Retype, word for word, the lines from the first line of the entries through the line that holds "a bathroom with a toilet and a shower curtain"; leave out the pictures.
=== Begin Enclosure ===
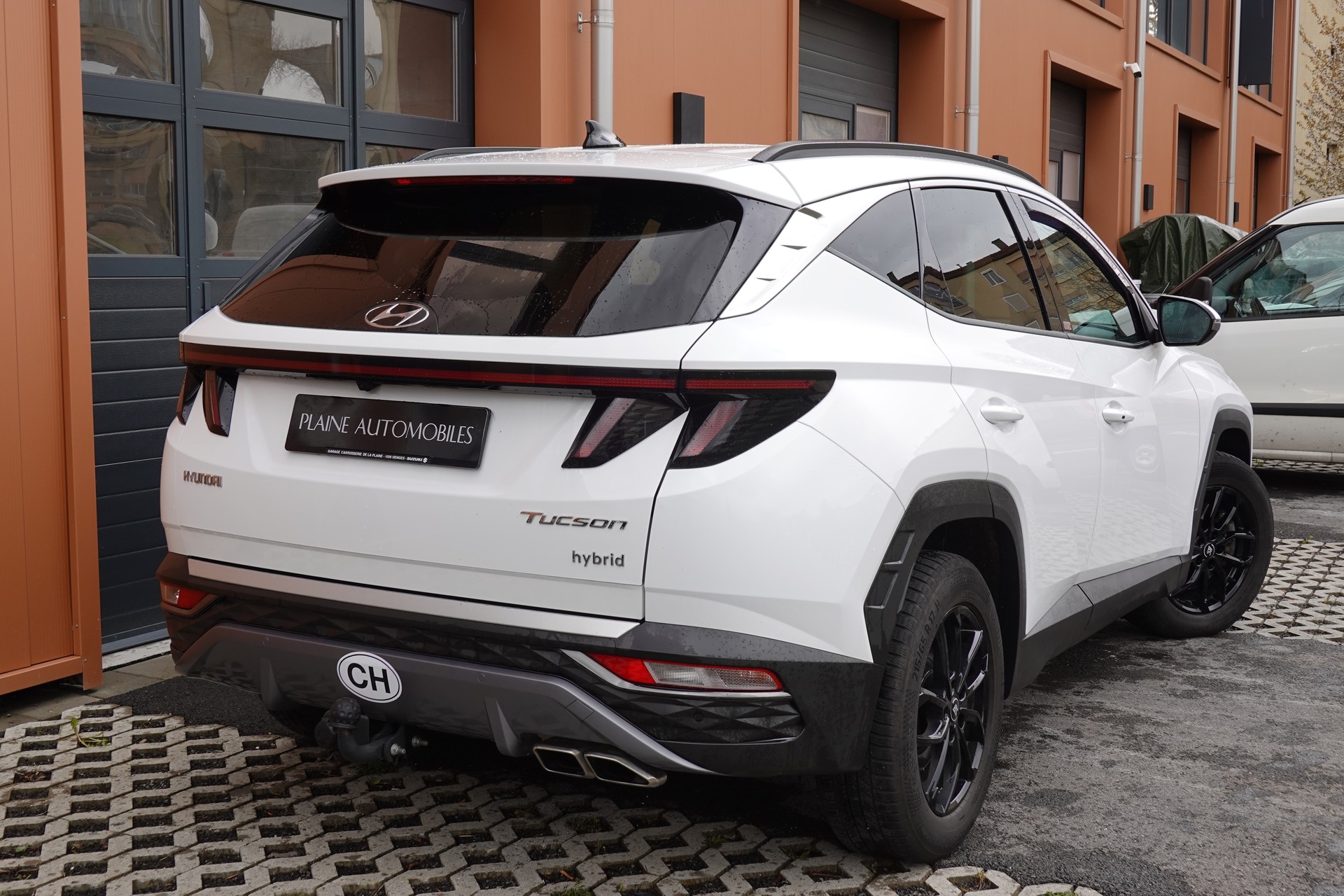 HYUNDAI Tucson 1.6 TGDI HEV Amplia 4WD - "CH Auto * 8 Roues * Caméra * Trempomat Adaptitif"-image-6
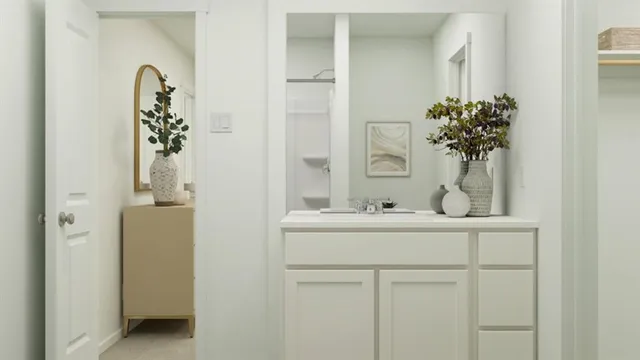a bathroom with a toilet and a shower curtain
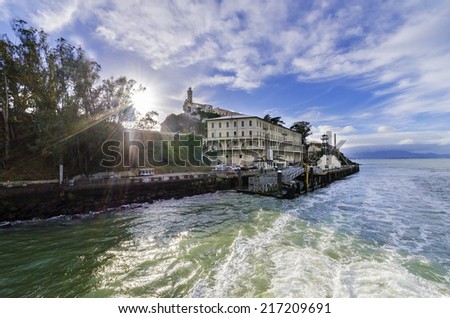 SAN FRANCISCO,USA - FEBRUARY 28,2014: The Alcatraz Penitentiary in Frisco,California,United States of America.View of the island,pier,wharf, prison buildings and the San Francisco Bay on a sunny day.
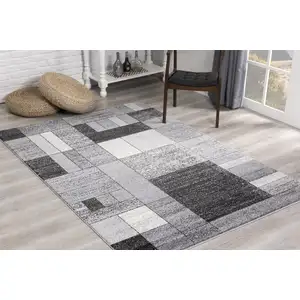 Photo of Gray Distressed Geometric Area Rug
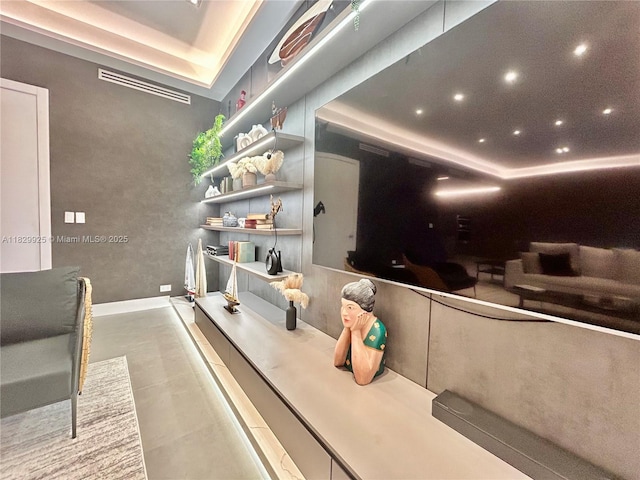 2301 Collins Ave Unit 1634/1635, Miami Beach, FL 33139 - cinema room featuring a tray ceiling, recessed lighting, and concrete flooring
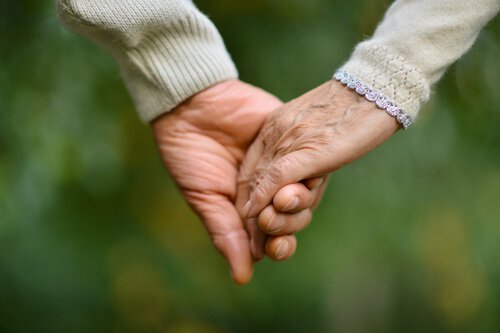 Pareja de ancianos de la mano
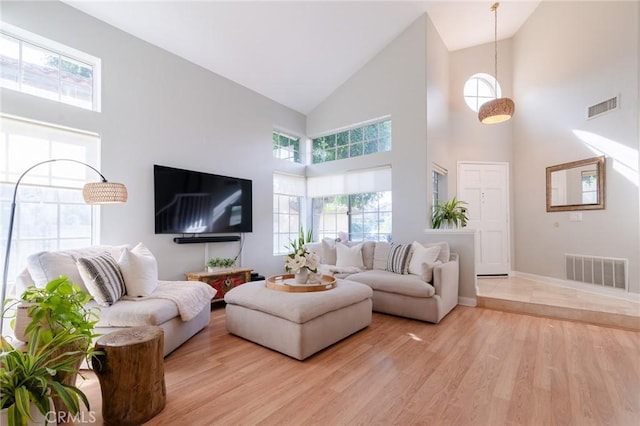 living room featuring high vaulted ceiling, baseboards, visible vents, and light wood finished floors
=== End Enclosure ===
▶ _Answer box_:
 HYUNDAI Tucson 1.6 TGDI HEV Amplia 4WD - "CH Auto * 8 Roues * Caméra * Trempomat Adaptitif"-image-6
a bathroom with a toilet and a shower curtain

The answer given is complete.